Recordo-me dos projetos independentes e das estruturas emergentes serem sempre colocados em segundo plano porque para o município o que vence são os grandes eventos, nomes pomposos de França e das telenovelas. Enfim, paira na Câmara Municipal de Almada uma certa ideia de provincianismo sobre o que é criado em Almada pela comunidade artística local.
Recordo-me dos apoios municipais insuficientes, realidade que só se tem agravado com um orçamento que cada vez mais fica aquém das necessidade do tecido cultural. Aliás, o normativo do Apoio à Criação Teatral não fomenta o tecido local, prejudicando sobretudo as estruturas artísticas de menor dimensão, esmagando os artistas que tecem ligações com a comunidade e que não têm capacidade de capturar outras fontes de financiamento.
Recordo-me e vejo ainda hoje a política cultural municipal elitista que aprofunda a desigualdade e a desertificação do nosso concelho, aliada à política da especulação e da gentrificação. Não é mero acaso que cada vez mais sentimos que Almada está morta.

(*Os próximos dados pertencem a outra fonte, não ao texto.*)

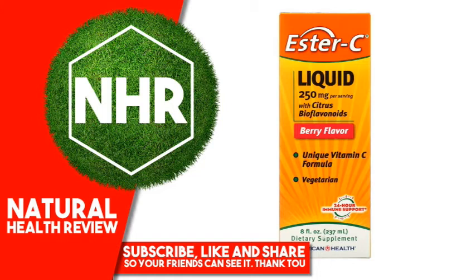Warnings: If you are pregnant, nursing, taking any medications, or have any medical condition, consult your doctor before use. Discontinue use and consult your doctor if any adverse reactions occur. Keep out of reach of children. Store an opened container at room temperature. Do not use if seal under cap is broken or missing.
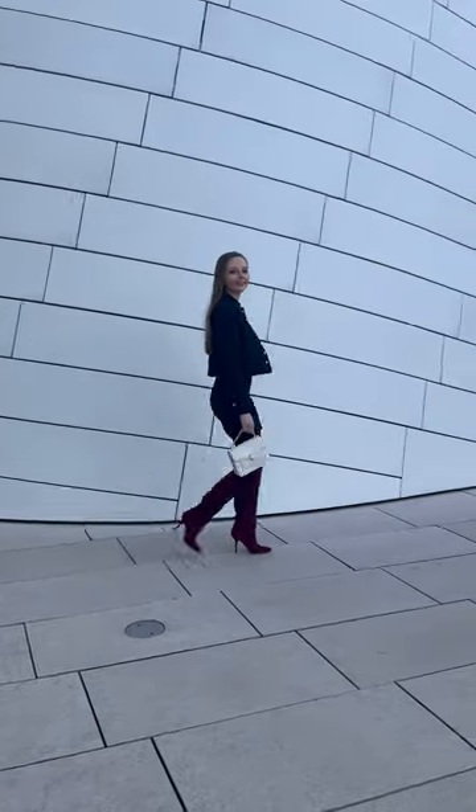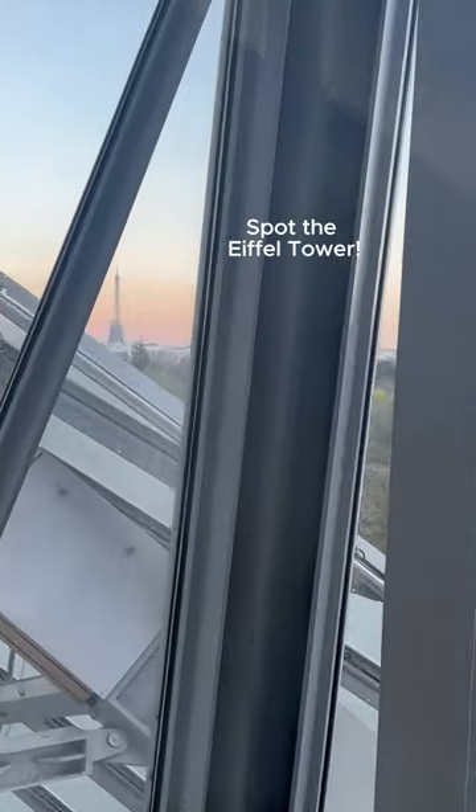And don't miss out on the rooftop views of the spectacular Frank Gehry building — you can even catch a glimpse of the Eiffel Tower. À bientôt!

Trabalhar no setor da Cultura já não é propriamente fácil no grande esquema da precariedade, do desinvestimento e da falta de ambição política. Mas tem um sabor especialmente amargo quando Almada é governada por uma Presidente de Câmara com currículo nas artes e todas estas adversidades permanecem. Inês de Medeiros abandonou o seu passado e os seus colegas da Cultura, amordaçando as estruturas e os artistas locais com políticas municipais que desempoderam o direito à criação e à fruição cultural.
A cada dia Almada confunde-se mais com qualquer outra cidade europeia, descaraterizada das suas raízes, da sua comunidade e da sua cultura. Uma cidade minada pela gentrificação e pelos barões da high art onde parece não caber um futuro para as artes locais.
A minha solidariedade com a organização do Festival MINA e todos os aristas almadenses renegados pela Câmara Municipal de Almada.